In a long explanation of the history of signal stealing, Dungy said it happens all the time and has for most of NFL history.
“I think we have to go back to what is cheating,” Dungy said. “People accusing us of cheating? I don’t think that’s the case. Stealing signals? You can go back to the 1800s in baseball, you can go anywhere there were signals done, and people were looking and watching and trying to get signals. Back in the early days of football the quarterbacks called the plays and the middle linebackers called the defenses and there was no signaling. When coaches decided they wanted to call plays you had to find ways to get the information in and there were people watching. My coach, Chuck Noll, was a messenger guard for Paul Brown in the ‘50s because Paul Brown didn’t want to have to signal because people are going to watch them. So that’s what happens and it’s been done legally for years.
“I remember in 1991, I was an assistant coach for the Kansas City Chiefs.
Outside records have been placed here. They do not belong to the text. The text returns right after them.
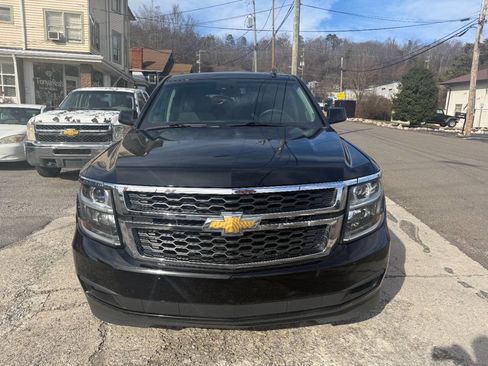 Used 2016 Chevrolet Tahoe LT image 3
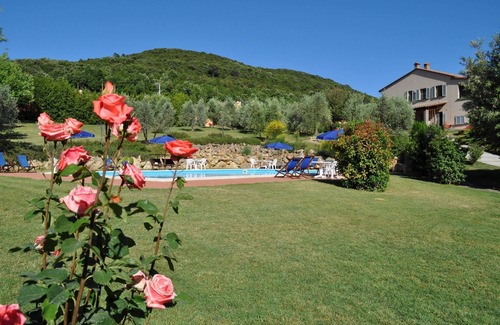 Iano Apartment | Flat in Iano,covered terrace, A/C, village walking distance,Wi-Fi,pool, sleeps 4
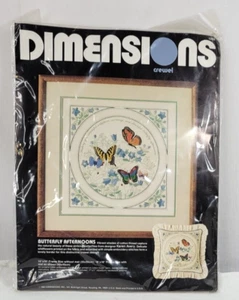 Bordado artesanal de tardes mariposa 14"x 14" Dimensions Crewel 1985 de colección 1985 - Imagen 1 de 4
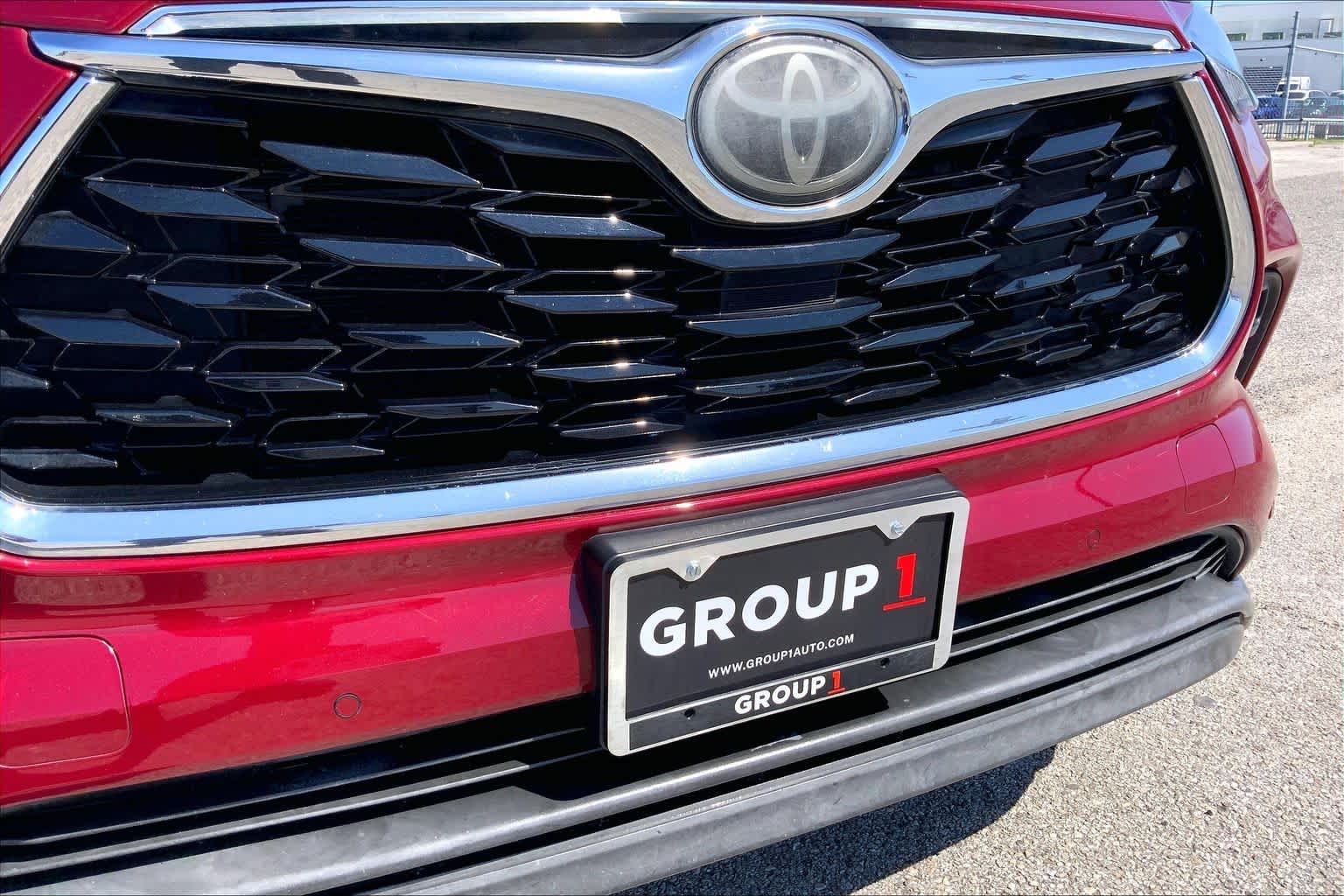 2020 Toyota Highlander Limited Ruby Flare Pearl at Group 1 Toyota Southwest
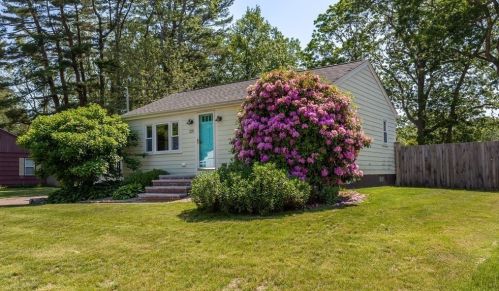 225 Pine Grove St, New Bedford, MA 02745 exterior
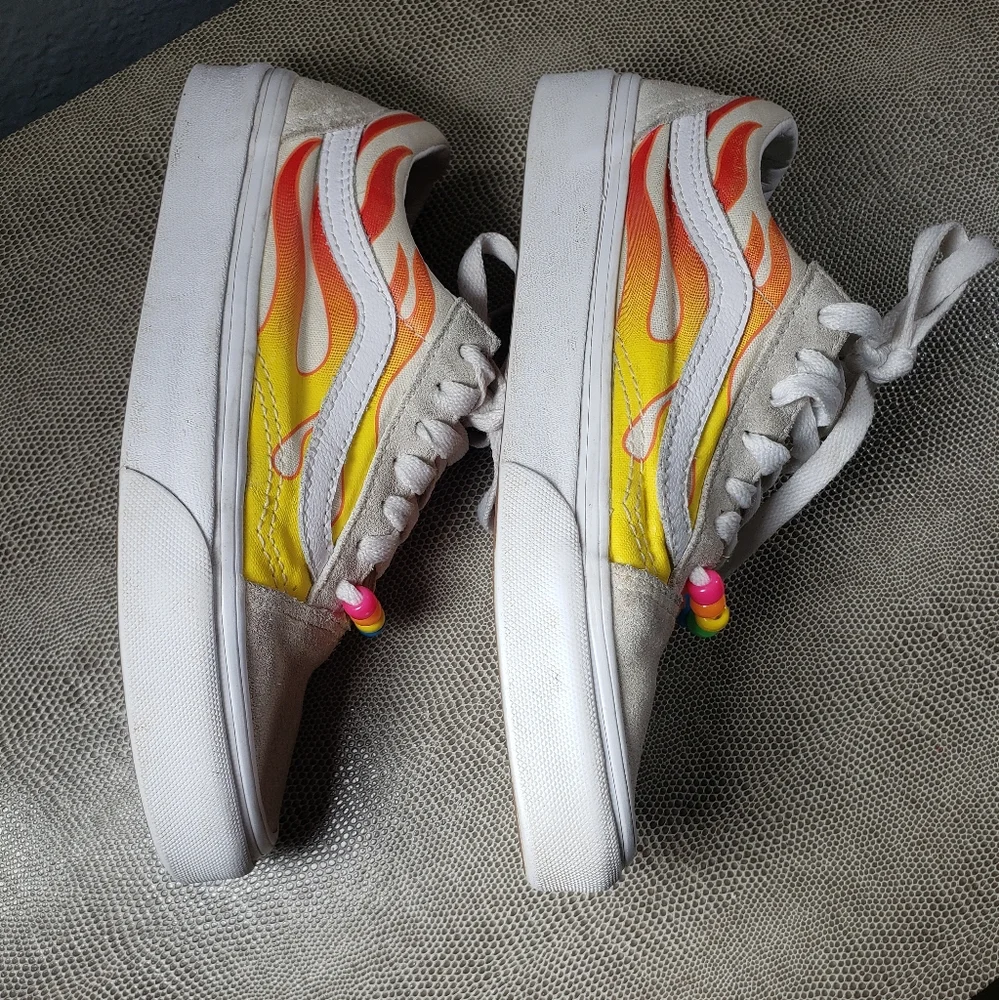 Vans skater flames kids unisex tennis shoes sneakers size 3.5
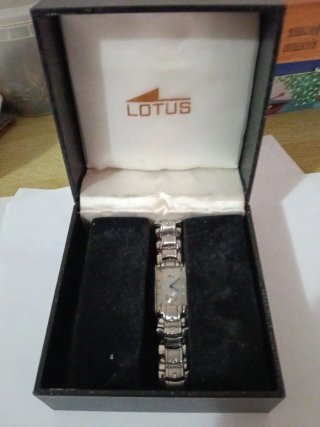 Reloj Lotus Rectangular Plata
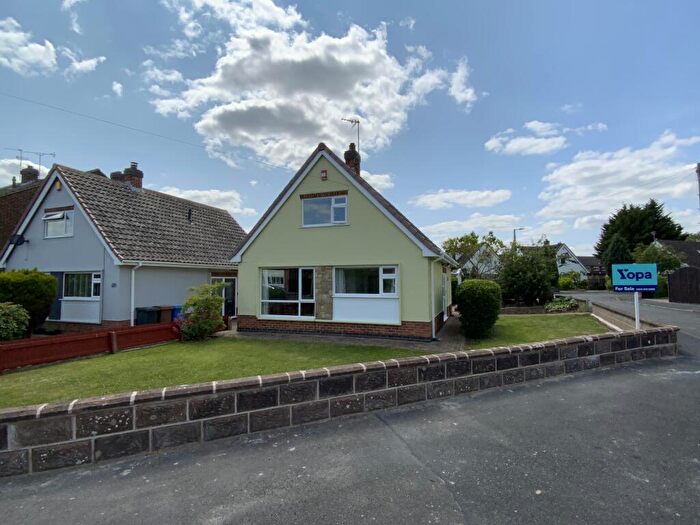 3 Bedroom Detached Bungalow For Sale In Douglas Road, Nottingham, NG10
Steve DeBerg was our quarterback. He had played seven or eight years earlier for the 49ers. We were playing the 49ers and they hadn’t changed their signals at all. Steve DeBerg called every play for us on the defensive sideline because Joe Montana and Bill Walsh hadn’t changed the signals since they’d been there. They beat us 28-14. We knew every play and they beat us. So that’s been part of football.
“Deion, I’m sure on every scouting report that he ever got, the first thing that’s on there on the defensive scouting reports, who is the live signal caller, who signals the personnel groups in. And that’s what happened. And you looked over there because you wanted to know as a defensive player: Is it going to be three wide receivers? Is it going to be two tight ends? Who’s in the game? There’s a person over there signaling and Deion Sanders and every other defensive player would look at the offensive sideline to get that signal. So that is football. And I’m not sure what Deion is referring to, really.”
Dungy pointed out that the NFL now allows the quarterback and a defensive player to wear a headset in their helmets to hear from the coaches, which has changed -- but not eliminated -- signal stealing.
“That’s why you see these college teams now with four and five people signaling, with the posters and the pictures and all these different things because they don’t want people to have their signals. In the NFL, they’ve gotten away from that with the coach to quarterback and coach to middle linebacker communication. But, yes, if you signal, there are going to be people who watch your signals and know what’s going to happen.
“When I was a defensive coordinator we went to wristbands because people steal signals. So you have a wristband that says No. 1 is this defense, No. 2 is this defense, you change it and everybody has done that for years and years and years. In our Super Bowl, we scored a touchdown to Reggie Wayne on a blown coverage because one of the Chicago players read the wristband wrong trying to get ahead of us. I’ll give you the opposite side of the coin. We’re playing the Pittsburgh Steelers. I’m the coach of the Indianapolis Colts on a Monday night. Peyton Manning came to me before the game and said, ‘Bruce Arians used to be with us, is now coaching there, I know he’s told them our hand signals. I’m going to get them because I’m going to give a fake run signal and I know they’re going to bite because Bruce has told them our signals.’ And on the first play of the game, he gave a signal to Marvin Harrison, Ike Taylor, Pittsburgh’s corner, thought it was a run play, and it was an 82-yard touchdown.
“That’s all part of the game, but doing it legally and illegally, that’s the difference. I hope Deion is not saying we did something illegally. Of course we got signals when we had an opportunity to do that, and so did Deion.”
What was different with Spygate is that teams had specifically been instructed not to videotape opposing teams’ signals on the sideline during the game, and the Patriots did it anyway.
“It wasn’t getting signals, it was the process of videotaping and using electronic equipment during the game,” Dungy said of the difference between the Patriots and other teams.
What’s still unclear is why Sanders chose to single out the Colts for blame when, as Dungy says, the Colts did the same thing as everyone else. We’d like to hear Sanders clarify that.